Fenestration Canada hosted a series of webinars recently that dive deeper into code changes that came with the 2010 North American Fenestration Standard (NAFS). The first in the three-part series was a review of recent Canadian building codes and standards changes.

“Typically the code is written every five years” said Jeff Baker, technical consultant for Fenestration Canada. He explained the 2010 code has been adopted in British Columbia, Saskatchewan, Manitoba, Ontario, Nova Scotia, Yukon and the Northwest Territories with Ontario and British Columbia having written their own modified code.

The full list of the tests and prescriptive requirements in the 2010 NAFS code change.
The full list of the tests and prescriptive requirements in the 2010 NAFS code change.

According to the Baker, the 2010 code had one significant change that took place – the NAFS and its Canadian supplement.

The NAFS covers windows, doors and skylights and has prescriptive requirements and performance testing requirements, including testing of air leakage, water penetration and forced entry resistance among other things.

“This is the responsibility of the manufacturers – to make sure they are testing to all of these tests as part of the standards,” said Baker.

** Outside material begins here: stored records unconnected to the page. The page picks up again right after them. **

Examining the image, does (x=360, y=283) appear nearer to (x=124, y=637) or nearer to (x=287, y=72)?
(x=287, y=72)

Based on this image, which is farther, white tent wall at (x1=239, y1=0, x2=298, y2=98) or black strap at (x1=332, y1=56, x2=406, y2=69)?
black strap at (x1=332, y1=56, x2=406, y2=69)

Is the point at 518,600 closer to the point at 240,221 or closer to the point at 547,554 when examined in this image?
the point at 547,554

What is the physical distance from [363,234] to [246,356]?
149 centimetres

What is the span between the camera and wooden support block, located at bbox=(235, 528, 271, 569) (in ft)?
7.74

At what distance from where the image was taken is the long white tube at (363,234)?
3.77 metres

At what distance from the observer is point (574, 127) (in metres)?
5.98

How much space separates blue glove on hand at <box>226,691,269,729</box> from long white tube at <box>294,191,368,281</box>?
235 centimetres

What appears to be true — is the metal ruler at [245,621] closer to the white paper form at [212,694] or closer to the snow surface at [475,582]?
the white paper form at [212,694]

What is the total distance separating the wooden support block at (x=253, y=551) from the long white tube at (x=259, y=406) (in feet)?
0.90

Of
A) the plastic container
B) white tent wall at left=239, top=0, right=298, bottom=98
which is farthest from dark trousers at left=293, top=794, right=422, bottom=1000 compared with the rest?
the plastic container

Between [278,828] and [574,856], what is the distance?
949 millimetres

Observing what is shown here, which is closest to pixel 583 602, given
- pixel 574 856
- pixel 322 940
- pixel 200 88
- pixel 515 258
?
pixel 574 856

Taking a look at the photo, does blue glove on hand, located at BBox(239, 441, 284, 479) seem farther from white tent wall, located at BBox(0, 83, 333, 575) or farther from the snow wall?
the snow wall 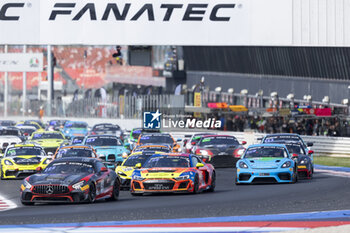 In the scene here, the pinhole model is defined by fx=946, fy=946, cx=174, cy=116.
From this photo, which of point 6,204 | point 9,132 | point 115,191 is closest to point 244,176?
point 115,191

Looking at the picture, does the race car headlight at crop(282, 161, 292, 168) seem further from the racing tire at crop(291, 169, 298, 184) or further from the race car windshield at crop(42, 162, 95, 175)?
the race car windshield at crop(42, 162, 95, 175)

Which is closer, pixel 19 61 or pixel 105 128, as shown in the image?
pixel 105 128

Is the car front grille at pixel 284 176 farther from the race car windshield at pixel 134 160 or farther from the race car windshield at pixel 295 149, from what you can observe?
the race car windshield at pixel 295 149

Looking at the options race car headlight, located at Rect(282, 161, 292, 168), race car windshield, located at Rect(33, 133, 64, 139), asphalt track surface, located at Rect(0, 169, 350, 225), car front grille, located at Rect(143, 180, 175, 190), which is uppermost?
race car windshield, located at Rect(33, 133, 64, 139)

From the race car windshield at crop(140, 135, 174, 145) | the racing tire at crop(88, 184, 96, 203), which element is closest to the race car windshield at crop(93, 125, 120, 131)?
the race car windshield at crop(140, 135, 174, 145)

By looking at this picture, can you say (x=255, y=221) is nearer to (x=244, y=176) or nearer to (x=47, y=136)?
(x=244, y=176)

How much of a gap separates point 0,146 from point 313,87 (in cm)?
2547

The performance grades of NAFS consists of four performance classes of products: R, LC, CW and AW. Performance grades are then based on the design, structural test and water penetration resistance test pressure.

“In all cases, you have to meet at least three of those requirements as well as anything else in the performance grade standard,” said Baker.

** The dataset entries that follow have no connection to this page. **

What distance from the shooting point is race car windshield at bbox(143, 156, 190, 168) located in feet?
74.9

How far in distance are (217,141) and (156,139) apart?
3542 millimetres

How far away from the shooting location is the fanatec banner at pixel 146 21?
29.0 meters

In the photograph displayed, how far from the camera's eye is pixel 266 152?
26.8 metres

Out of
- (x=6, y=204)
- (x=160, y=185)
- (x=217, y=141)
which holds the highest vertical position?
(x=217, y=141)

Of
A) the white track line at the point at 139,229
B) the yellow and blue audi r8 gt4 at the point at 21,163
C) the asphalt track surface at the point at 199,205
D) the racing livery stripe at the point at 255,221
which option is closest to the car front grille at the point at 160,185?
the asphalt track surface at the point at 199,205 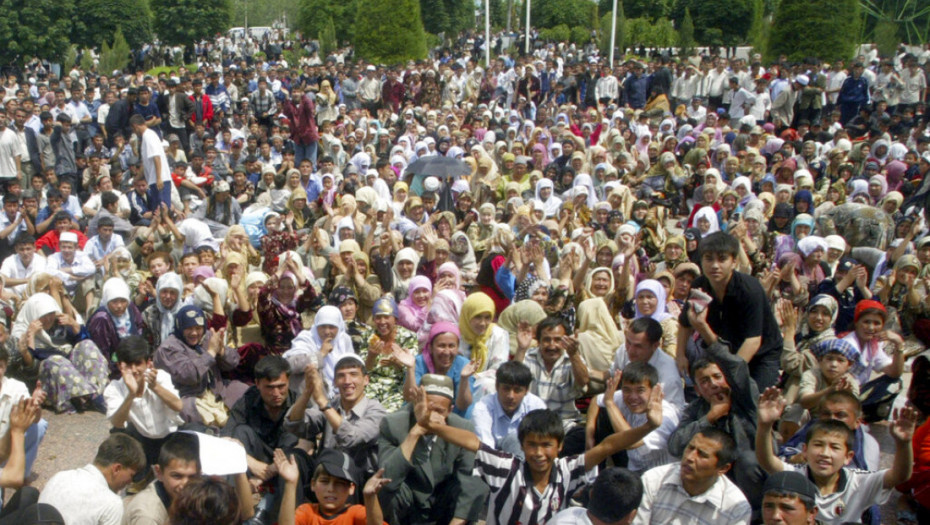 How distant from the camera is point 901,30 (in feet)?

The Canadian supplement to NAFS required one more test and slightly stricter guidelines. They include:

  • Section 5.1
    • Insect screen serviceability test
    • 60 N force put in on outward direction
  • Section 5.2
    • Operating force requirement including the maximum force used to operate being more stringent than in the U.S.
  • Section 5.3
    • Water penetration resistance test pressure goes to 730Pa in Canada
  • Section 5.4
    • Air infiltration and exfiltration levels must be at A2 level

“You must test to the Canadian levels – you cannot stop [at the] U.S. levels,” in order to meet Canadian standards, said Baker.